All of that said, this was a friendly being played at the U-17's own stomping grounds in front of a modest crowd not packed into a stadium setting against a Russian side that only put things together in fits and starts, and I don't think too much of that had to do with the US defensive effort. Those major caveats aside, there were some standout performances.
- Stefan Jerome was my man of the match for the US. Not only did he take his goal well, but he was a constant danger up top, showing a deft touch, great pace, and a decent shot. He seemed to glide while on the ball and was getting around the big Russian defenders with ease. If he could just use his height to add an aerial dimension to his game, he'll really be one to watch. I'll be interested to see what he does against the Brazilian defense on Saturday, who might prove a little quicker than the Russians.
- Carlos Martinez was the other goal scorer for the US, cracking a shot over the keeper from the edge of the 18. Was I the only one who watched his hunched, Neanderthal-esque running style and immediately thought "Juan Toja"? The kid had some decent skill on the ball, showed he could play on both wings, and got back in defense as well.
- Jared Watts had a few questionable decisions at the back, but he is still young. What he did have in abundance were size, strength, good touch for a big man, and excellent distribution out of the back. Distribution out of central defense--wouldn't that be a refreshing change for the senior side?

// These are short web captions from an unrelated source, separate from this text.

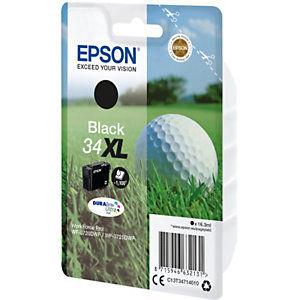 Epson 34 XL 'Golf ball' Cartouche d'encre originale grande capacité (C13T34714010) - Noir_0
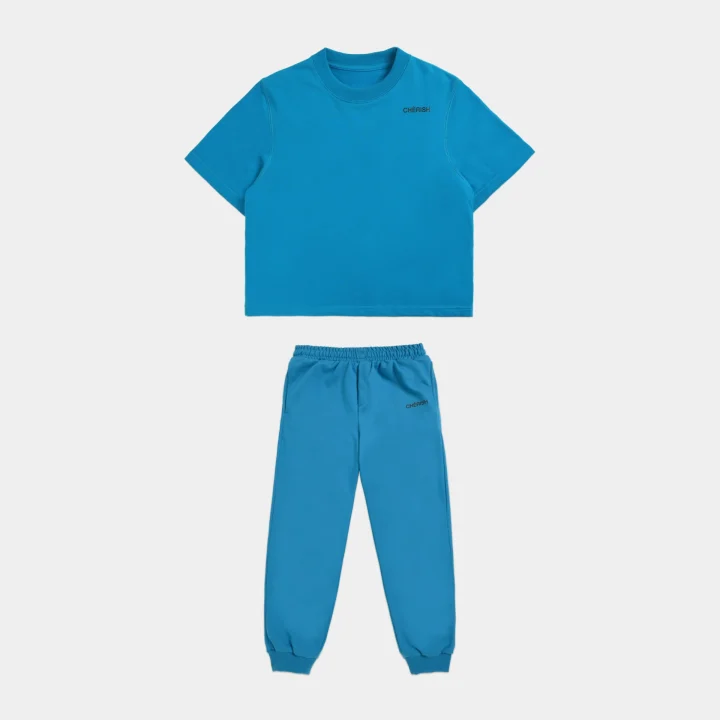 Ibiza Crop Jogger - One Set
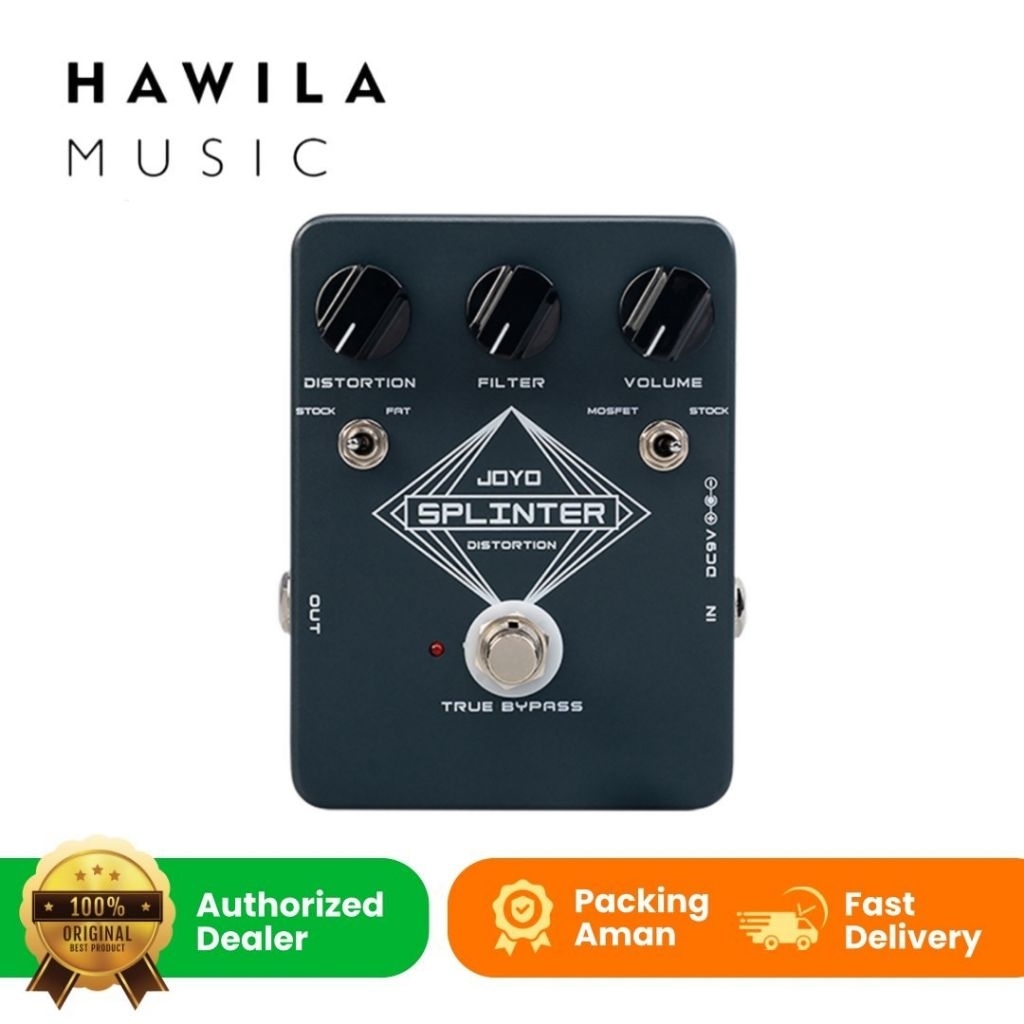 Jual Effect Pedal Stompbox Guitar Gitar effect JOYO JF SERIES ! Delay ...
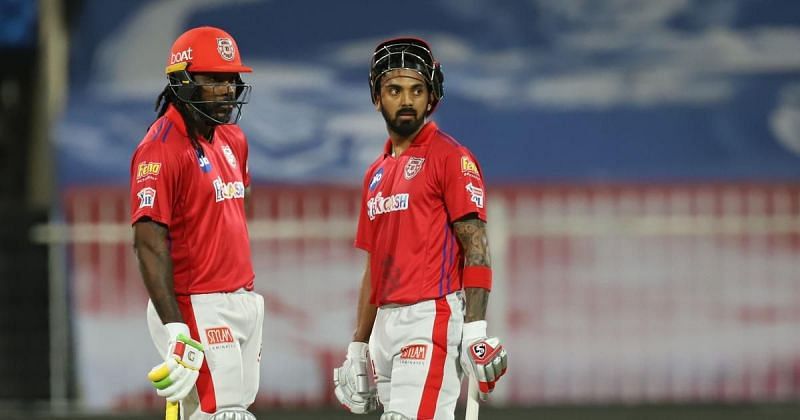 Chris Gayle and KL Rahul (Photo: BCCI)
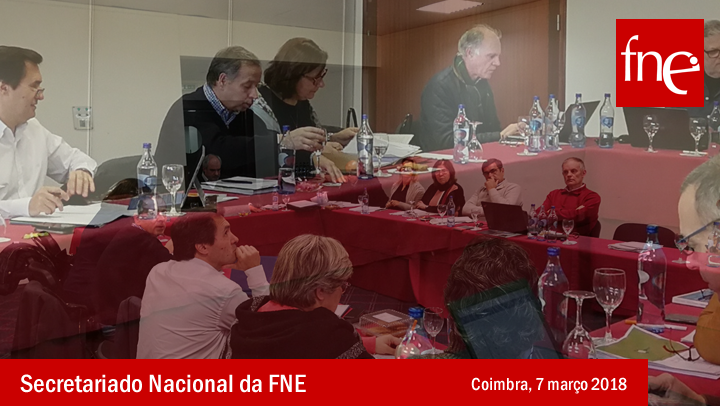 Declaração do Secretariado Nacional da FNE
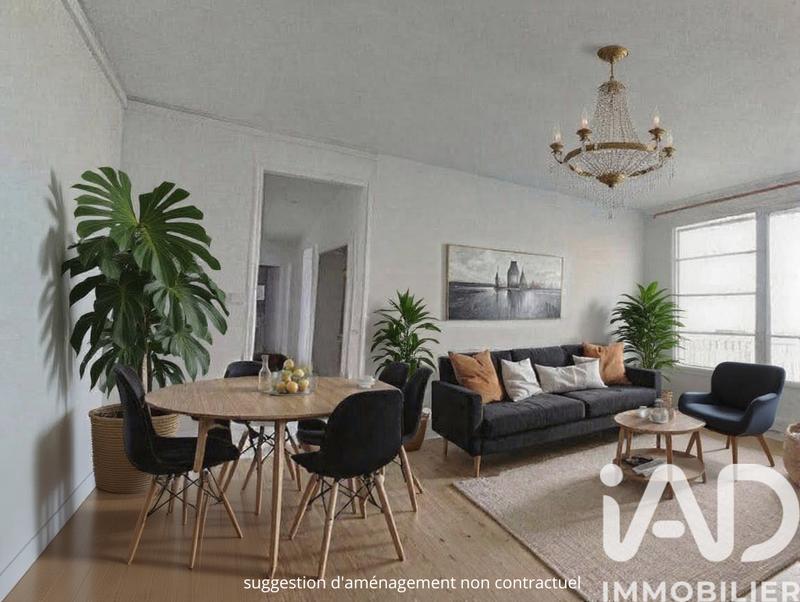 Appartement - 63 m² - 4 pièces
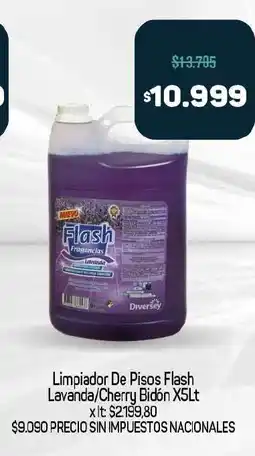 Makro Flash limpiador de pisos oferta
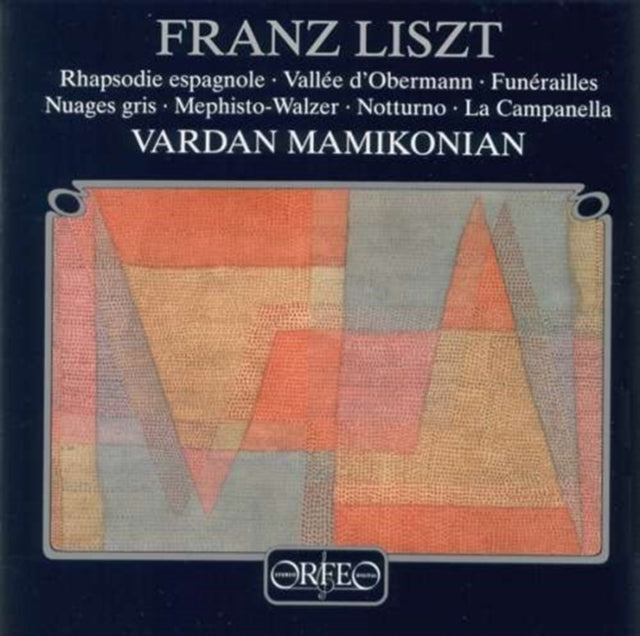 Rhapsodie Espagnole/funeraille/mephisto (Mamikonian)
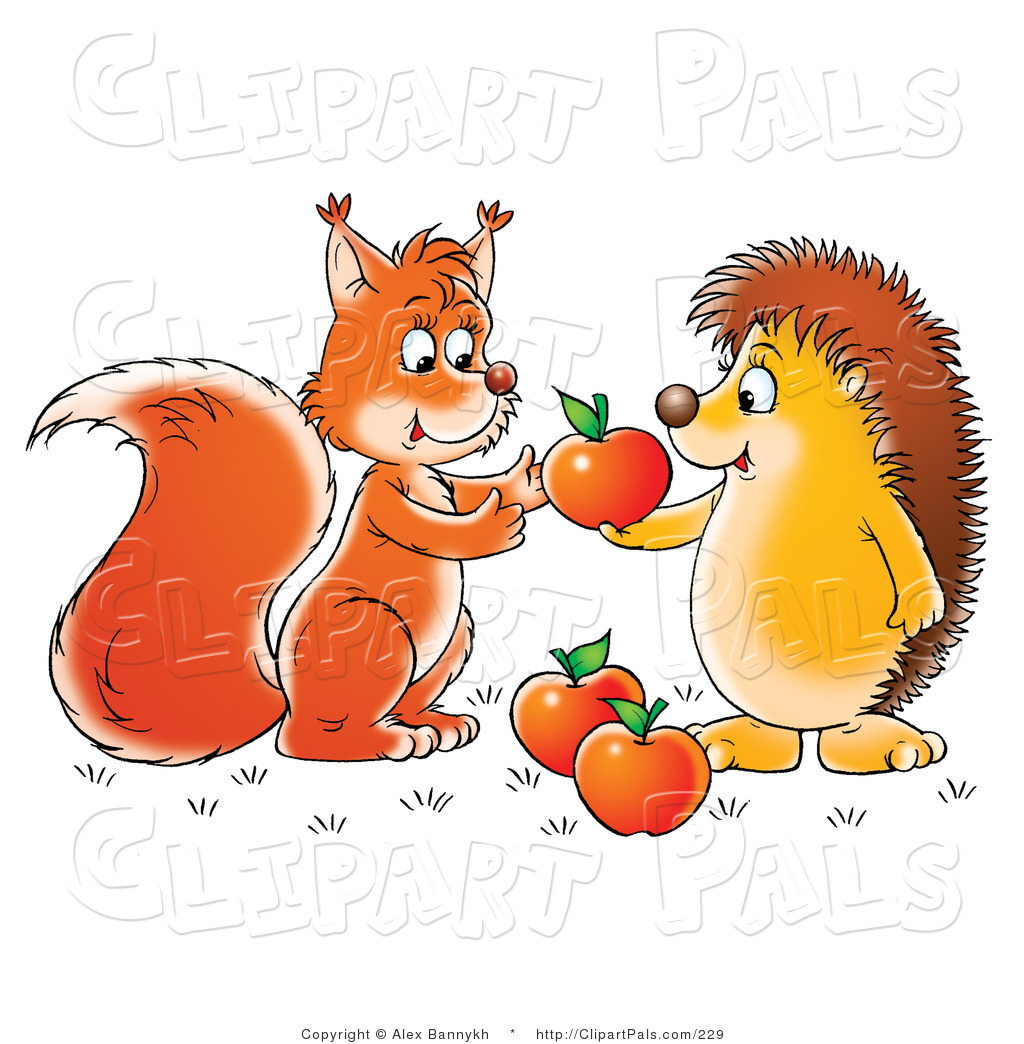 Animal Friends Clipart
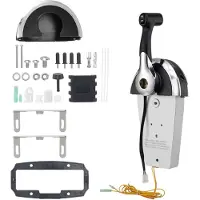 StarTech.com Boot-Drosselklappe Gashebel-Steuerung - Außenbord-Fernbedienungsbox 8M0059686 - Power-Trimm-Schalter - Mercury PT 2-Takt - Marine-Gashebel-Steuerungsgetriebe - Oben montiert.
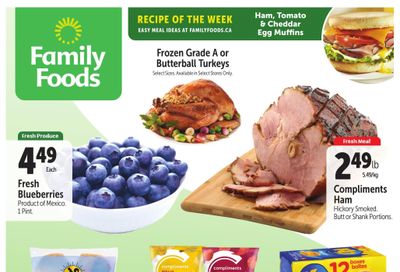 Family Foods Flyer March 21 to 27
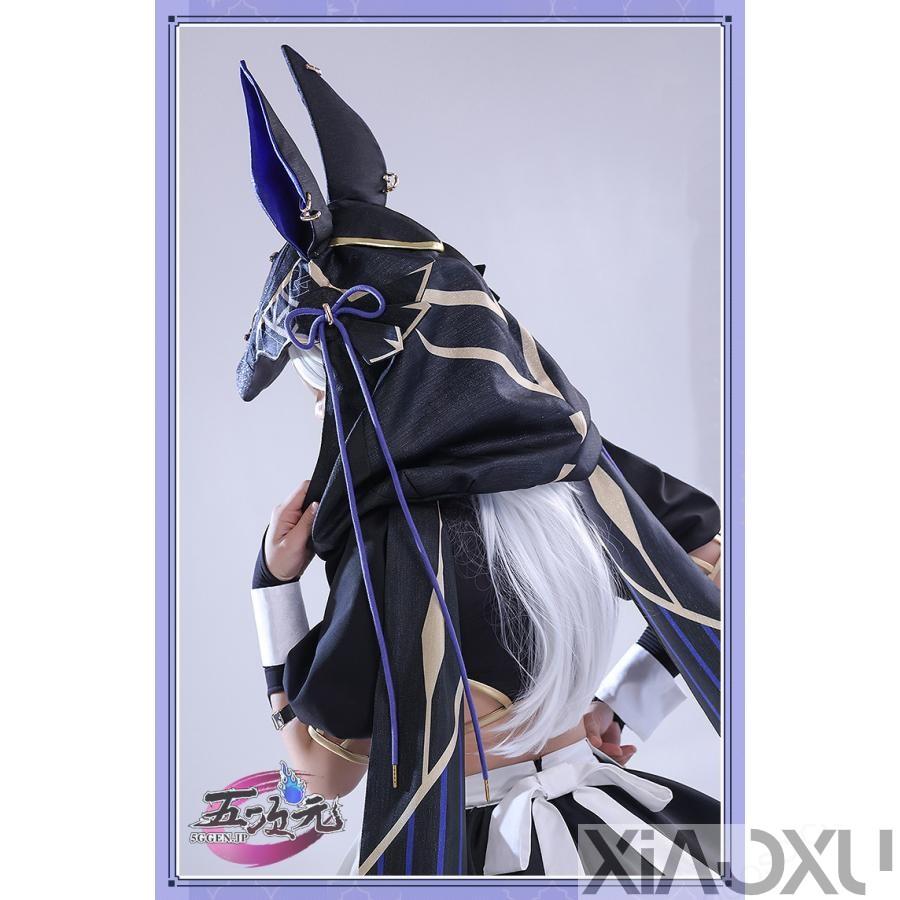 三分妄想 原神 コスプレ セノ メイド服 衣装 ※ウィッグ 追加可能 三分妄想 原神 コスプレ セノ メイド服 衣装 ※ウィッグ 追加可能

- Marlon Duran played a linking role in front of the back four, breaking up attacks and then getting the ball quickly forward to the attackers. Big engine, good in tight spaces, and good decision-making and technique in the short passing game.
- Charles Renken showed well in fits and starts despite having to wade through the mounded piles of blowhard flattery and outrageous expectation heaped onto his slender, soon-to-be 14 year-old shoulders by the broadcast crew. He wasn't a world-beater, but he's got a good touch, can move with the ball, made smart decisions, and even belted one off the bar from distance, looking like he deserved that #10 on his back. Now, lets all back away quietly, turn out the lights on the hype machine and shut the closet door--no sense in letting expectation run loose to pillage and burn the mental villages of what promises to be a pretty decent talent.
- Joseph Gyau was an on again, off again choice for me. While he didn't have the biggest impact on the game, he showed in little bursts an ability to blow past whole swaths of the defense with pace and skill on the ball. Now, perhaps that reflects a little more on the glacial nature of the Russian defense, so I'll withhold judgement until I see what he can do against the speedier Brazilians.
- Tyler Polak is our mandatory fullback pick. Though he only got a half, the left back was up and down his wing with regularity and got into dangerous positions quite a few times, though he didn't really accomplish much from those positions.